Direito Processual Civil

sexta-feira, 9 de outubro de 2009

Dos impedimentos e da suspeição do juiz



Vamos trabalhar agora os artigos 134 a 138, e na próxima quarta-feira vamos ver os auxiliares da justiça. Na próxima aula vamos encerrar todos os aspectos do juiz, auxiliares e iniciamos os atos processuais. Ainda temos 120 artigos para trabalhar. Não podemos deixar de pesquisar. Competência, intervenção de terceiros, atos processuais e outros tópicos não podem mais ser esquecidos. Precisaremos dele no estudo do processo de conhecimento no semestre que vem.

O que o juiz pode fazer? Recebendo a petição inicial, ele verifica no primeiro momento a capacidade da parte, as condições da ação e os pressupostos processuais. Neste momento, a relação jurídica entre o autor e o Estado ainda é de caráter linear, pois ainda não se formou a relação jurídica processual, e não é angular, o que só ocorre depois da citação do réu; Ele só será citado a partir do momento em que o juiz verifica as condições da ação. Ao perceber que não podem ser atendidos os pedidos, o que acontece? A relação não pode se completar. Ao se verificarem tais condições, a parte contraria é citada. 

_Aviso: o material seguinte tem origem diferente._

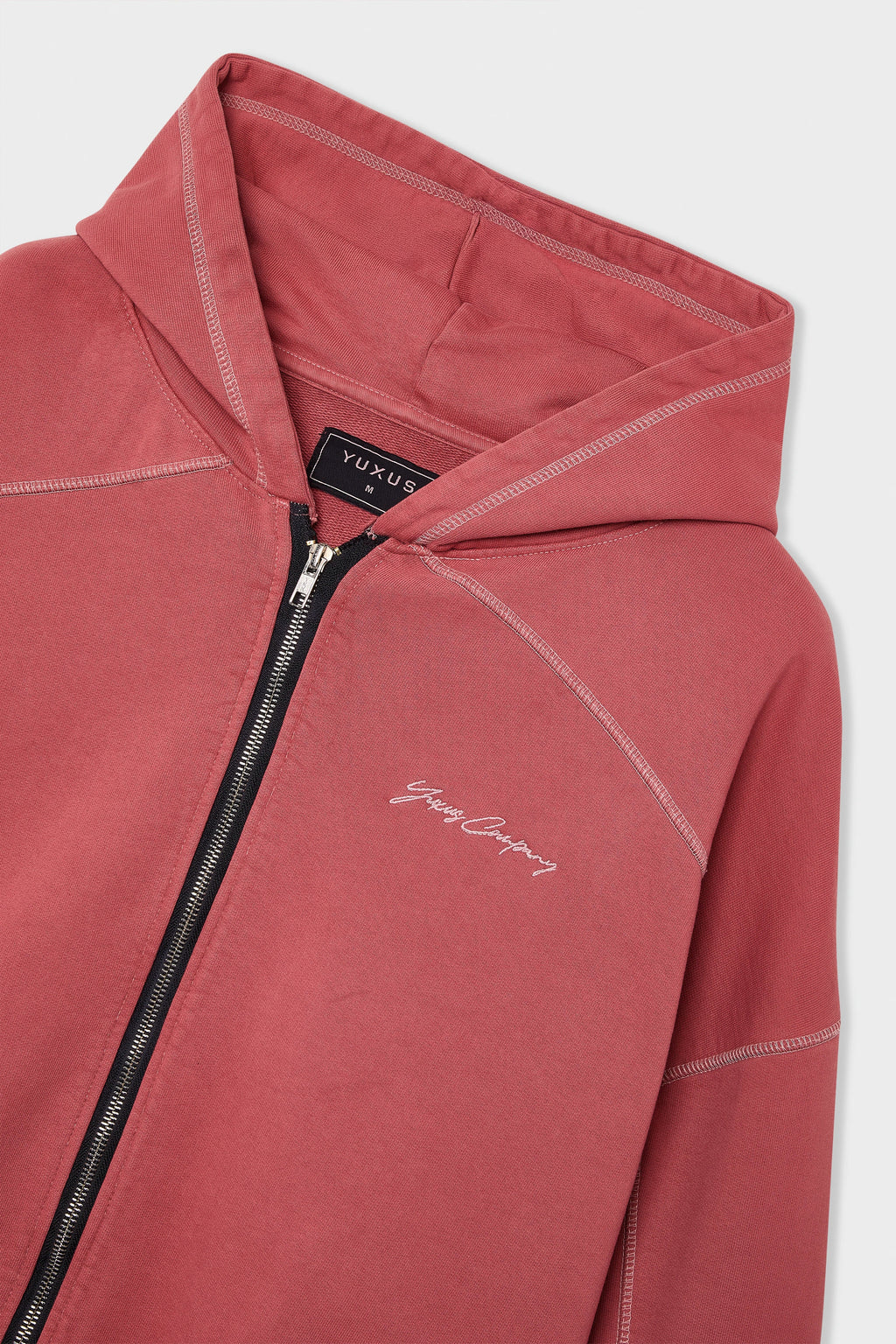 PEONY "THREADS" ZIP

Na petição inicial, deve-se incluir o pedido para a citação do réu. "Requeiro a Vossa Excelência a citação do réu em seu endereço." Isto é função do próprio juiz. Entre outras funções, ele verifica os requisitos da peça e, ao completar a citação, a relação jurídica se tornará angular.

Feitas as citações, as partes estão presentes. O que o juiz pode fazer agora? Ele tem que pôr ordem na audiência. Imagine que você está assistindo, na condição de mero curioso, a uma audiência em que se discutem questões de família? Não é permitido, é o segredo de justiça. O Código coloca, conforme o art. 155, algumas situações em que o público não poderá assistir. Em regra, tudo é aberto, pois os atos jurisdicionais são públicos. Ainda que seja aberta, o juiz tem poderes, caso haja problemas, de ordenar a retirada das pessoas desrespeitosas. Até mesmo no Tribunal do Júri isso pode acontecer. É um dos poderes do juiz. Outro poder que o juiz tem é o de eliminar expressões injuriosas dos autos ou cassar a palavra de quem fala de maneira tosca. Numa ação de cobrança, como já sabemos, basta fazer a prova fato, e não é preciso citar as características pessoais desfavoráveis do devedor, como dizer: "ele é um caloteiro!" O juiz se aterá aos fatos relevantes para então sentenciar. Também nem precisa falar em adultério, quando expressando a motivação para a uma ação de separação ou divórcio, basta falar na incompatibilidade de gênios. Cessado o afeto, não há por quê o casamento perdurar.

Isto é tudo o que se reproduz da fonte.